### Directions for this task
Work through the entries that follow and state how many lines contain the word "Gift". Only the number is wanted.

===== Record extracts

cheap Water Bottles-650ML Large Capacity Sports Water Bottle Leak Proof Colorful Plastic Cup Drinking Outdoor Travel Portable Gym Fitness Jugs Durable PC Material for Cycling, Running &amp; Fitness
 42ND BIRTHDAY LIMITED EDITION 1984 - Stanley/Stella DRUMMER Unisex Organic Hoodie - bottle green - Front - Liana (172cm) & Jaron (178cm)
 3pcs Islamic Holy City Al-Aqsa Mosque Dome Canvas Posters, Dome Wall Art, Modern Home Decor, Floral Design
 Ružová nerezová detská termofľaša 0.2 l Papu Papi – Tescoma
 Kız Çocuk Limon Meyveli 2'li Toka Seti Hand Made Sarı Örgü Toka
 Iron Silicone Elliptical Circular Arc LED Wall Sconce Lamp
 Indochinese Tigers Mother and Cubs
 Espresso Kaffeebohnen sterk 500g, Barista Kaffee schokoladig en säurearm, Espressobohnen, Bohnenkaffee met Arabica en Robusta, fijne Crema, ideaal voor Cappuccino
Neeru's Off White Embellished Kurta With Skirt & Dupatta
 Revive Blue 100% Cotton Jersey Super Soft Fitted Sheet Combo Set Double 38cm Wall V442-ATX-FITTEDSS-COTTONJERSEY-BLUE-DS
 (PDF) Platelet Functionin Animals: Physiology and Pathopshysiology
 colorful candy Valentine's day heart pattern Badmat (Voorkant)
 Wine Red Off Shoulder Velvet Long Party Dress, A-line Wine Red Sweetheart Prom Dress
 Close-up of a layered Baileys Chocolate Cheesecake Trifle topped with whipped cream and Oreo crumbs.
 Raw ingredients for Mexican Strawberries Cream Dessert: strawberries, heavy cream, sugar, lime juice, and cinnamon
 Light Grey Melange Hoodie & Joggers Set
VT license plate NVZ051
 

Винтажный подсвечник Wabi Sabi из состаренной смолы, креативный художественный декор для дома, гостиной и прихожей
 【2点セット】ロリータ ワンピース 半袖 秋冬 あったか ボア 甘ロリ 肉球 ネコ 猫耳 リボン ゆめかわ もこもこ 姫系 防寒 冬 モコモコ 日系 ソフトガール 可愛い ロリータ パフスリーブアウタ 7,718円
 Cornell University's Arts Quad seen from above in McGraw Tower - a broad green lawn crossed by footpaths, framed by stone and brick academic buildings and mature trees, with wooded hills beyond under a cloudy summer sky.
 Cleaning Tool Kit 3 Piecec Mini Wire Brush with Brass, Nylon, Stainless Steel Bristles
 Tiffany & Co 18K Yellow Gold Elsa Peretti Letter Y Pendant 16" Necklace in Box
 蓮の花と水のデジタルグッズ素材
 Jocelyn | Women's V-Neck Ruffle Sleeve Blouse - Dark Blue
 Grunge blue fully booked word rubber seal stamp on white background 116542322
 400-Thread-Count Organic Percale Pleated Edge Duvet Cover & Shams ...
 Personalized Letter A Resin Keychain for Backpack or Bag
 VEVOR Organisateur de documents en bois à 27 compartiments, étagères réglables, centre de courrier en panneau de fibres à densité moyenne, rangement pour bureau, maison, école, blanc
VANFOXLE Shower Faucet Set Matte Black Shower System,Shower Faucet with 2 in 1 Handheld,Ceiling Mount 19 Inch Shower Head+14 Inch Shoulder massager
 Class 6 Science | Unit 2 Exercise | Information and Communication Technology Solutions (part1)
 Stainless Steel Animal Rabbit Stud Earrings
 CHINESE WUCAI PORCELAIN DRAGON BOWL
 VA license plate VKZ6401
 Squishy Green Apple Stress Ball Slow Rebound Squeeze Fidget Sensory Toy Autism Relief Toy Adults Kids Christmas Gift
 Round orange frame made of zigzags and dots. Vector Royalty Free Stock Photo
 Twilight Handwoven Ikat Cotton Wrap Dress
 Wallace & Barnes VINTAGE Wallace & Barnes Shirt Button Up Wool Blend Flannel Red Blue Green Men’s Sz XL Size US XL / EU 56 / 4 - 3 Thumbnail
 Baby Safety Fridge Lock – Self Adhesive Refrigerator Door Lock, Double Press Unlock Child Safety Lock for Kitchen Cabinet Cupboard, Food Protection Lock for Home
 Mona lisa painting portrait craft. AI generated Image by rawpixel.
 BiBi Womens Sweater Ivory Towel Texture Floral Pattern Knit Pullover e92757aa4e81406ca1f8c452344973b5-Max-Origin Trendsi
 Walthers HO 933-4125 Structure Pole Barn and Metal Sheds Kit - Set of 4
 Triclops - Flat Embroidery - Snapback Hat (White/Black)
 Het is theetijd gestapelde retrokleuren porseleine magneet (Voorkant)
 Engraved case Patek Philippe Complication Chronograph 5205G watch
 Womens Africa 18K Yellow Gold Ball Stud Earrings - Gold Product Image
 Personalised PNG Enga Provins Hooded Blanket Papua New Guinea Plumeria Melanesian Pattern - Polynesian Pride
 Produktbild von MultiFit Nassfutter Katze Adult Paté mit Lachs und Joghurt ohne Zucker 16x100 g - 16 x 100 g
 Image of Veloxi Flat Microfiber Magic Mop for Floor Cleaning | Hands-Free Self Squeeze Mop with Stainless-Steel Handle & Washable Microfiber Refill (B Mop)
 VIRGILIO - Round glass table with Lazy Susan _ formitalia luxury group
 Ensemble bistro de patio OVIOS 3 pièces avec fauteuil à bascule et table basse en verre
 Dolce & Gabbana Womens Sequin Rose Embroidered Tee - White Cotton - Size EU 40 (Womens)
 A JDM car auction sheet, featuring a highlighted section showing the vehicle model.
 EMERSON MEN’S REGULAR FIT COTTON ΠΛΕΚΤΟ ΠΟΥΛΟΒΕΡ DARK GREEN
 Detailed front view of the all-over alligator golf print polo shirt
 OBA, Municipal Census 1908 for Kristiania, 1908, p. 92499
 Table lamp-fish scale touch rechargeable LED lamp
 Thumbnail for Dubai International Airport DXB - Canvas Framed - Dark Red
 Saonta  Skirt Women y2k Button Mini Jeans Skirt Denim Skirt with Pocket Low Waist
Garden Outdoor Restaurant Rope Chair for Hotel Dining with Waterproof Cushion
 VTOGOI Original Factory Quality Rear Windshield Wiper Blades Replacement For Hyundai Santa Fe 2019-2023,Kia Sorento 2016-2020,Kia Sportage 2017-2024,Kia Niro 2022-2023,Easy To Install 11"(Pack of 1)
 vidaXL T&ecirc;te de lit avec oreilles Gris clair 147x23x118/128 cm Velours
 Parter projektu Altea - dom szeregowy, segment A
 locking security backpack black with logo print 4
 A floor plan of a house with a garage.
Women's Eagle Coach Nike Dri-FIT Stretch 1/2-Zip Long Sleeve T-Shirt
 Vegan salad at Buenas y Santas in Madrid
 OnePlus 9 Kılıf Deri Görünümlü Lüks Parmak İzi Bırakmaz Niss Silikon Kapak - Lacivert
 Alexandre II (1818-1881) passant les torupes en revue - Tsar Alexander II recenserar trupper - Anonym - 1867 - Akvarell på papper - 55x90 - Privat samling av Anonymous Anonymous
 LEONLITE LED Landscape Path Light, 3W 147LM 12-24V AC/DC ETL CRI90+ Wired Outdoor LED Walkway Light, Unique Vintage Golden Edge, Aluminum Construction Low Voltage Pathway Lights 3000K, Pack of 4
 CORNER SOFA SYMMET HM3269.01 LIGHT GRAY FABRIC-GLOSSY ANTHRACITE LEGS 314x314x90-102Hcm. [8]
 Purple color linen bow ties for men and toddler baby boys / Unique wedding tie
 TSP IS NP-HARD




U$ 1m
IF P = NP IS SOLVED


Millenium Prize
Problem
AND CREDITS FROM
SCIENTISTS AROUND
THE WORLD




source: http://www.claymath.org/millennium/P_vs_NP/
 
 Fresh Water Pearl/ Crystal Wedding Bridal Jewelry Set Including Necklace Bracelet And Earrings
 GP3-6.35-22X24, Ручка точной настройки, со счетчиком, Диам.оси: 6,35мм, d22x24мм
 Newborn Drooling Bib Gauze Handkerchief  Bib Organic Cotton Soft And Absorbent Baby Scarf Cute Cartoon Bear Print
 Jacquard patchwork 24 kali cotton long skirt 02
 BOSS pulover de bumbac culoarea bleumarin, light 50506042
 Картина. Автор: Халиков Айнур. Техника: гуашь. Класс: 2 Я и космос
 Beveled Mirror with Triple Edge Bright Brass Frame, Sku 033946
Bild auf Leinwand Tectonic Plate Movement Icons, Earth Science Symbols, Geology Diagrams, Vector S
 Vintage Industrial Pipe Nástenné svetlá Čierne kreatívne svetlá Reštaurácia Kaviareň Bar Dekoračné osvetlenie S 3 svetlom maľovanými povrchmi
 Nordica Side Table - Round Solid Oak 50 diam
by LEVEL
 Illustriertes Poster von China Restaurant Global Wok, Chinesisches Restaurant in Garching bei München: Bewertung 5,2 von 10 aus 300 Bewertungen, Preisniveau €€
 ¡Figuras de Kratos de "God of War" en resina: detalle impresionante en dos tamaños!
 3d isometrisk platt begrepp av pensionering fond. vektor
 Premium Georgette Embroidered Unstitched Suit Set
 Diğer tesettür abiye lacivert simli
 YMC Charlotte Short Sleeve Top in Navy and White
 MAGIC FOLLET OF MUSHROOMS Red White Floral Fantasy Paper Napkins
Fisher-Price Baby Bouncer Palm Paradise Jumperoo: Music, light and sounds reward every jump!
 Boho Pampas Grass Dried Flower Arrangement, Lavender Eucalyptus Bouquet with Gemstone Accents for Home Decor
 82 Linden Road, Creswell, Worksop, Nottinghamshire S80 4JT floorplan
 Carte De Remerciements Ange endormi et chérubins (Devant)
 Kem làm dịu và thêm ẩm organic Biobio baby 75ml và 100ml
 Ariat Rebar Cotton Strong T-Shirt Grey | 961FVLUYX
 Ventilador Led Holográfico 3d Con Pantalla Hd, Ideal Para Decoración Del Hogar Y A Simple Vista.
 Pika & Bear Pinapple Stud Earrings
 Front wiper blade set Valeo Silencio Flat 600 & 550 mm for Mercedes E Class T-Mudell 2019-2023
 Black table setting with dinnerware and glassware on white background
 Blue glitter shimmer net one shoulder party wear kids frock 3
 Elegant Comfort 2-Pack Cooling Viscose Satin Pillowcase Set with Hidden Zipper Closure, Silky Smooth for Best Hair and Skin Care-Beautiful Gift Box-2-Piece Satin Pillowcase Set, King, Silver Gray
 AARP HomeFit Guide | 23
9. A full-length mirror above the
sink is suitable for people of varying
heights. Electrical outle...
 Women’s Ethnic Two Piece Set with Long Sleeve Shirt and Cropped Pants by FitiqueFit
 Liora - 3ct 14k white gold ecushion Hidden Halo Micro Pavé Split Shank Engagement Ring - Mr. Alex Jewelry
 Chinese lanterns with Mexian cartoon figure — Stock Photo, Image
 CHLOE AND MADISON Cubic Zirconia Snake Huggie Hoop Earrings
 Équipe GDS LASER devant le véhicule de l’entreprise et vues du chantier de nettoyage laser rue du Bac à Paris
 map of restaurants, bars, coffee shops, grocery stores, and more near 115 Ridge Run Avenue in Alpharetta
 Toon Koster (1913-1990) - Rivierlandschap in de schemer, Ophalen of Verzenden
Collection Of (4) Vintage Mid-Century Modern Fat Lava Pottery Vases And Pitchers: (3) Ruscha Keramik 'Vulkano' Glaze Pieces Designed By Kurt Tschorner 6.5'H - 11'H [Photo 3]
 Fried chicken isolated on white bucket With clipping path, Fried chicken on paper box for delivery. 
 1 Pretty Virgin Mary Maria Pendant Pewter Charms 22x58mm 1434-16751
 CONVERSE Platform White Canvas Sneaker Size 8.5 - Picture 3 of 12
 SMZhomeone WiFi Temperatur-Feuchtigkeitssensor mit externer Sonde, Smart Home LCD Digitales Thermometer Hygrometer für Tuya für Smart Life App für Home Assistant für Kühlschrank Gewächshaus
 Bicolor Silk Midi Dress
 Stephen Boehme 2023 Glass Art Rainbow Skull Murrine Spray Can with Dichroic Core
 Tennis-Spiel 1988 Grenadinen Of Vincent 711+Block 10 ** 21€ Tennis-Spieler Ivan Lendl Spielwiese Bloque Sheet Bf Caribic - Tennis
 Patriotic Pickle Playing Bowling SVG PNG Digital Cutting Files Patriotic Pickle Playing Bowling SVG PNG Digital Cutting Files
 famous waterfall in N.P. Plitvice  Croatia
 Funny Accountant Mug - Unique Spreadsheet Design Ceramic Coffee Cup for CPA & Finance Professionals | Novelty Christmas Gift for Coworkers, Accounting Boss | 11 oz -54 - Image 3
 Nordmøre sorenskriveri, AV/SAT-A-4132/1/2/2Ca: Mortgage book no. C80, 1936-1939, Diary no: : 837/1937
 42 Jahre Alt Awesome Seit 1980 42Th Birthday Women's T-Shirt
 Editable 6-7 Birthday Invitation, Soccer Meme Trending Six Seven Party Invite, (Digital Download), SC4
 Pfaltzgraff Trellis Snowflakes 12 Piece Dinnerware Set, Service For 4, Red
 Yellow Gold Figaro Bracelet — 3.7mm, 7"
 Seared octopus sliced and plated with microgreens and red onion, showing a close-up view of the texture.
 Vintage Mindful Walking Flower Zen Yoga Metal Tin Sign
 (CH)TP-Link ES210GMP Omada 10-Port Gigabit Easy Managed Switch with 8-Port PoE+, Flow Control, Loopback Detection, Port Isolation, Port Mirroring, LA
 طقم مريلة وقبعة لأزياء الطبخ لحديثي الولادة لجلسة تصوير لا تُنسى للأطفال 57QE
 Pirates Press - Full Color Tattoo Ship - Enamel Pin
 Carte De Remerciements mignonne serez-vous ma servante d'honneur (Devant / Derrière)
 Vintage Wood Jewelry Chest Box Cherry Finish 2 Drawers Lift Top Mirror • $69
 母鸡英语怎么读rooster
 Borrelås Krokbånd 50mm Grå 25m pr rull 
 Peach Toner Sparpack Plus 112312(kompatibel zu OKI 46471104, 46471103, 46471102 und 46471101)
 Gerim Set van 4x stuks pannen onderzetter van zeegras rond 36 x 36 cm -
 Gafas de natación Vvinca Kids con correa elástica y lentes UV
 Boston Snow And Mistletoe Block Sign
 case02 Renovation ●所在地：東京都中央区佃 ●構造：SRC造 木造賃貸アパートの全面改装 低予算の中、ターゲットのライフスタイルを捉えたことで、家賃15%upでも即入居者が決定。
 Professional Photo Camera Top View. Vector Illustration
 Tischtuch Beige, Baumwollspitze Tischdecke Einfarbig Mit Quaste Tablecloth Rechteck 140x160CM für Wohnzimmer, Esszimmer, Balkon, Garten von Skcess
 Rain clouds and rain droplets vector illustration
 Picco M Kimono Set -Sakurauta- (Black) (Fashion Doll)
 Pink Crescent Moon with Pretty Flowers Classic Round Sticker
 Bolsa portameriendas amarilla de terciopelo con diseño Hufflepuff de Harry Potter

==========

### Answer to this task
3